One can hardly be blamed for not wanting to hear further commentary on the campus speech culture war.
So much of it trades in ideologically charged tropes; flashpoint anecdotes have worn thin. Nonetheless, academics worry about the state of discourse on campus for good reason. A positive discursive culture is core to the pedagogical mission of American higher education.
This was the motivation behind a recently released report on free expression at the University of North Carolina at Chapel Hill. UNC professors Jennifer Larson, Mark McNeilly and Timothy Ryan wanted to get beyond the anecdotes to determine, through an evidence-based investigation, whether UNC had a problem with respect to free expression, silencing and self-censorship.
And if so, could the evidence point the way toward solutions to “foster a campus environment that is tolerant and inclusive and where a wide array of views [is] aired in service of a search for truth”?
Some of the report’s findings confirm what conservative commentators have long been saying. High percentages of students across the ideological spectrum (24 percent of liberal respondents; 68 percent of conservative respondents) report that they withhold sincerely held political views relevant to class discussions.
Students report that they censor themselves out of fear that they will damage their relationship with their professor or lose respect among their peers. In focus groups, students described social fears, such as being labeled a racist or Nazi, for holding mainstream conservative points of view, for instance a stance in favor of limited government.
Other findings do not fit so neatly within the conservative narrative. The researchers find, for example, that most students believe that a majority of their professors make an honest effort to offer both sides of political topics when they arise in class. Further, students believe that when political topics are discussed, most professors encourage students to offer points of view that compete with the left-of-center perspective that is dominant on the UNC campus.
And in contrast to the notion that students want to be in a left-of-center echo chamber, across all categories — liberal, moderate and conservative — a majority of students responded that there are presently “too few” or “far too few” opportunities to engage with perspectives with which they disagree. The researchers conclude that these results reveal “substantial enthusiasm for more constructive disagreement or dialogue across the political spectrum.”
The key insight this report has to offer is the vital role that faculty play in shaping a positive campus culture of intellectual openness and constructive discourse. But good intentions are not enough. Students recognize that most faculty try to be balanced in classroom discussion of political topics. Nonetheless, many students expect retribution and ridicule if they venture a dissenting opinion. Faculty are therefore likely underestimating how much effort is required to overcome students’ impulse to withdraw and self-censor.
As the authors note, “a classroom silence that an instructor might perceive as tacit agreement (or perhaps lackadaisical indifference) might … actually come from apprehension about the consequences of expressing specific viewpoints.”
The researchers recommend that faculty be more deliberate about reminding students of their free expression rights.

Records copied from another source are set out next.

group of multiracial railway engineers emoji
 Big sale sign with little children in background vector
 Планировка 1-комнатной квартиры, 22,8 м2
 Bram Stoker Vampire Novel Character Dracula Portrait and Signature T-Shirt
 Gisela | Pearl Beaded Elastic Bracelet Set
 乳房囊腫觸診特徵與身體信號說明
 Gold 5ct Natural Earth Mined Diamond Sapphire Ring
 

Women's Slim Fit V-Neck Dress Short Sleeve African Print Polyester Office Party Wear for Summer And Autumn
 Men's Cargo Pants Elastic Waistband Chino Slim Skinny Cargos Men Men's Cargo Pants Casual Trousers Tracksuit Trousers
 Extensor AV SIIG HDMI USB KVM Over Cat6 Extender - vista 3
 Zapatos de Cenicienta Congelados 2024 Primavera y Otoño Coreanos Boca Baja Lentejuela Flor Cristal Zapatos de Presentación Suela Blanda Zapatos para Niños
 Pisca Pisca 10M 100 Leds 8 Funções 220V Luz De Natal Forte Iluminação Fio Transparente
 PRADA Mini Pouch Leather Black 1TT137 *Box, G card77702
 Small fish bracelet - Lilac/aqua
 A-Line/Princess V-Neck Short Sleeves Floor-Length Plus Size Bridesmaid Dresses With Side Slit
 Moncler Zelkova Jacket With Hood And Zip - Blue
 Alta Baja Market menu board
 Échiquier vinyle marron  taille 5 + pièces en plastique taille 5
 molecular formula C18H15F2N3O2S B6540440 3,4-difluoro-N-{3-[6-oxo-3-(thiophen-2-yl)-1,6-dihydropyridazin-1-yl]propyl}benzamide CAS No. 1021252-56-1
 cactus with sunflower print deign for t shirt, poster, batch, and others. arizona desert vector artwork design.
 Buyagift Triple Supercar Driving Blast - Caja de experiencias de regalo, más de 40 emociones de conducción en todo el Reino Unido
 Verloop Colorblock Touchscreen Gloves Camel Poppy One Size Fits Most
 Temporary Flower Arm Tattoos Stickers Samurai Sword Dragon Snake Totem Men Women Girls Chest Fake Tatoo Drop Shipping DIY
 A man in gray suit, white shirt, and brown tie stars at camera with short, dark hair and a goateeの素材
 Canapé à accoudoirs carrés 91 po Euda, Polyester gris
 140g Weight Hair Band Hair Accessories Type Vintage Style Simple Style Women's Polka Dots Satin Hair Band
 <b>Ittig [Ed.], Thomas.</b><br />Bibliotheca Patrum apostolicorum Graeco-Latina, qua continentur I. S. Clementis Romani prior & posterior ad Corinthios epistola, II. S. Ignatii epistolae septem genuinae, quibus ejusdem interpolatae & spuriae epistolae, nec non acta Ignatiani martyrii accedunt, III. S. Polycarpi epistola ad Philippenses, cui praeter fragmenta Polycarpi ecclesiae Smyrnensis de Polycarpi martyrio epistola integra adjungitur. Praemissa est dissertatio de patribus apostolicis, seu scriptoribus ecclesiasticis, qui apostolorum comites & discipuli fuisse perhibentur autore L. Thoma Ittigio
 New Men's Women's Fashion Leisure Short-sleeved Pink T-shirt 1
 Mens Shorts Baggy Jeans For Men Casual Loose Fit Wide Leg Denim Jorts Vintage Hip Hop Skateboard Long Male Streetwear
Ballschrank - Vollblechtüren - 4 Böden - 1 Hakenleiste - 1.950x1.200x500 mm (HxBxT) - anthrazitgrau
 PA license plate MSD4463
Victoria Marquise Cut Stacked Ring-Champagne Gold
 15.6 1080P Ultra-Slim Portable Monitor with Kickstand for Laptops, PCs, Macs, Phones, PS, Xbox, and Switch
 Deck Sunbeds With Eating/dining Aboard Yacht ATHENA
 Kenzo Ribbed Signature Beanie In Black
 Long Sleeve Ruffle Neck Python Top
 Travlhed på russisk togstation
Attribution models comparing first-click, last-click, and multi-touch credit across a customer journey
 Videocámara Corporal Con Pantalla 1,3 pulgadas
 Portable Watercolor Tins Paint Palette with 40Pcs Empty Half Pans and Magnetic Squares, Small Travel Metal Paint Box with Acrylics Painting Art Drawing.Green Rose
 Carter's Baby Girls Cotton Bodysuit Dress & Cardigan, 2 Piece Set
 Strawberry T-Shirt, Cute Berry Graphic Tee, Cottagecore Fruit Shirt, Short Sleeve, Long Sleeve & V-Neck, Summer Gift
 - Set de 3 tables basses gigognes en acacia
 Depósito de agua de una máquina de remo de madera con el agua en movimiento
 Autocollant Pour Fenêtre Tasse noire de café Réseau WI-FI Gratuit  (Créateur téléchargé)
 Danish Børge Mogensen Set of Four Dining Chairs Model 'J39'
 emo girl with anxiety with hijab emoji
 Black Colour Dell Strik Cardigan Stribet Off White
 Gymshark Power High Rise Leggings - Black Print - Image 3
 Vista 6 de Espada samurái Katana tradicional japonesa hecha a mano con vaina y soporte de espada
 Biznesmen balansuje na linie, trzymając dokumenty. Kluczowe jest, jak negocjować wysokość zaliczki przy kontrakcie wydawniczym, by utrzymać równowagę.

Just as important, to overcome student fears to the contrary, faculty must clearly signal their commitment to ensuring that the classroom environment is open to dissenting points of view — that dissent will be seen as an opportunity for learning, not an affront.
Creating that environment requires a commitment to practicing and developing in students the intellectual and emotional habits essential to constructive argumentation, such as epistemic humility, listening in a spirit of good faith, and resilience when one hears something with which they disagree.
While it may seem obvious that faculty can and should take responsibility for the quality of discourse and diversity of ideas on campus, the professoriate is generally not considered the go-to solution. Whatever one may think of executive orders, state-level legislation, trustee-driven initiatives, and student efforts aimed at improving the campus climate, it’s faculty who drive lasting change in the academy by defining the curriculum, shaping pedagogical practice, and influencing a campus culture over decades of service.
Their deliberate effort to develop in students the intellectual habits and discursive values that constructive dialogue requires is the most important ingredient in ensuring that the recommendations offered in the report translate into positive and lasting change.
But faculty are busy. As with all academics, it will be tempting for UNC faculty to read the report’s recommendation to hold first-year orientation programs on the value of free expression and training sessions to cultivate the skills associated with constructive discourse as the work of Student Affairs.
With sincere respect for the talented professionals who staff Student Affairs at UNC, this is not the lesson to be gleaned from the report. The lesson is that the caretakers of UNC’s academic culture are the UNC faculty. Full stop. All the good work of this investigation may be for naught if faculty do not see themselves as embracing the problem and owning the solution.
I put this concern to the report’s co-author Jennifer Larson. I asked her what she would say to colleagues reluctant to lean in on this issue. She said, “Few faculty would contest that the classroom holds unique transformative potential, so why not use that potential not only to engage with students about what free expression looks like, but also to practice having empathetic, constructive conversations?”
“Practice,” is the operative word. Students do not acquire the habits of mind that lead to constructive discourse from abstract principles of free expression alone. They acquire them through practice, with an experienced guide — their professor — coaching them along the way.